Wednesday, July 11, 2007

Hesitation markers: 'Senate' mix

The latest issue of the Journal of Germanic Linguistics is now available, 19.2, with this article:
de Leeuw, Esther. "Hesitation Markers in English, German, and Dutch." Pp. 85–114.
Very engaging piece, treating the phonetics of these little creatures (vocalic versus vocalic-nasal, etc.) and where they appear (with regard to pauses or silence, before or after utterances, etc.). She finds significant differences among the languages studied, with lots of inter-speaker variation, as you'd expect.

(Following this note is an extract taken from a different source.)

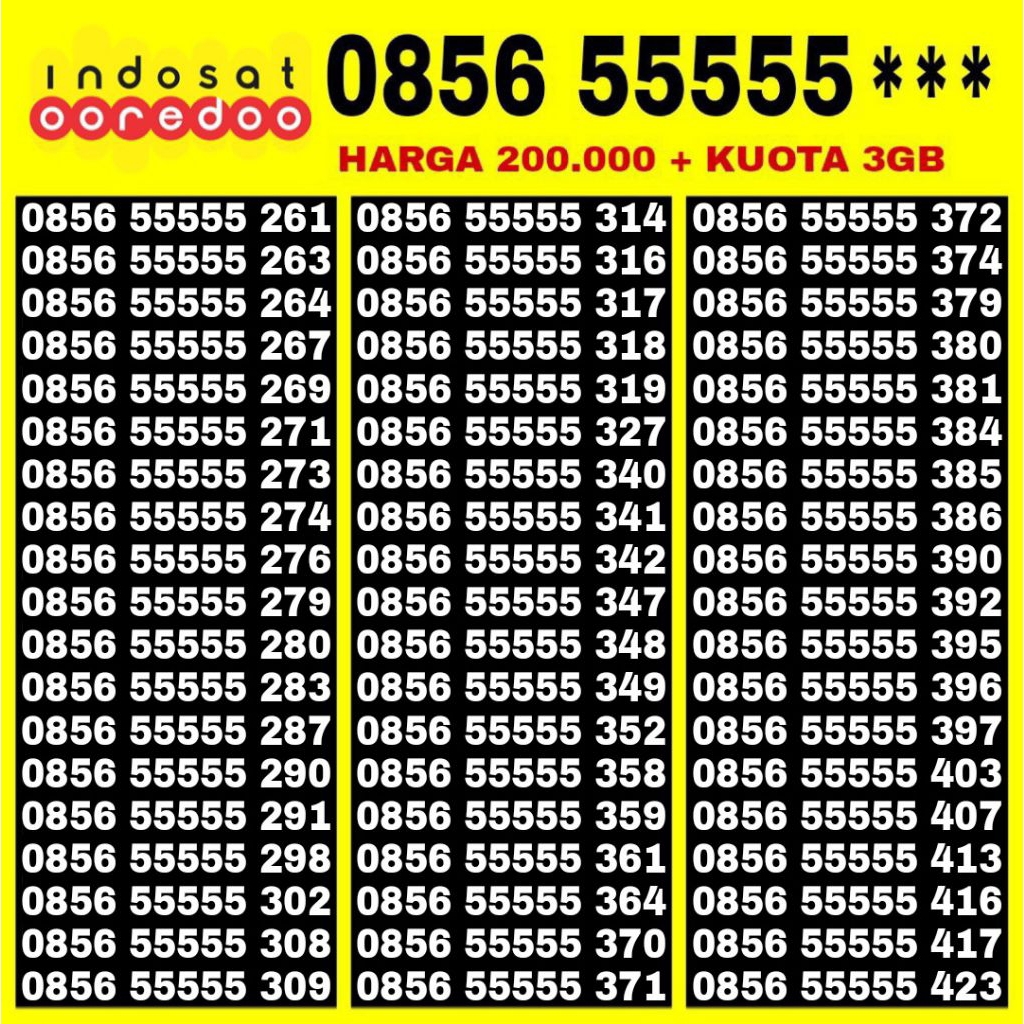 Nomor Cantik Indosat Oredoo - Kartu Perdana Indosat Ooredoo im3 Murah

But what lucky timing ... today was of course the day that Sara Taylor, former White House political director, was supposed to testify before the Senate. In addition to saying that her boss won't let her say anything, she stumbles around a lot and uses striking quantities of hesitation markers. In the video below, there's a fair bit of it, like around 1:51.

The thing is aggravated by the creaky quality of her voice. (I'm listening with low-quality sound here, but I think that's what's going on.) And you've got to be sweating bullets under those circumstances, knowing that this could be bigger than Watergate and all that, with an attorney at your elbow telling you when not to talk, knowing that whatever happens, it's highly unlikely to end well for you, and so on. But man, this is some hesitating.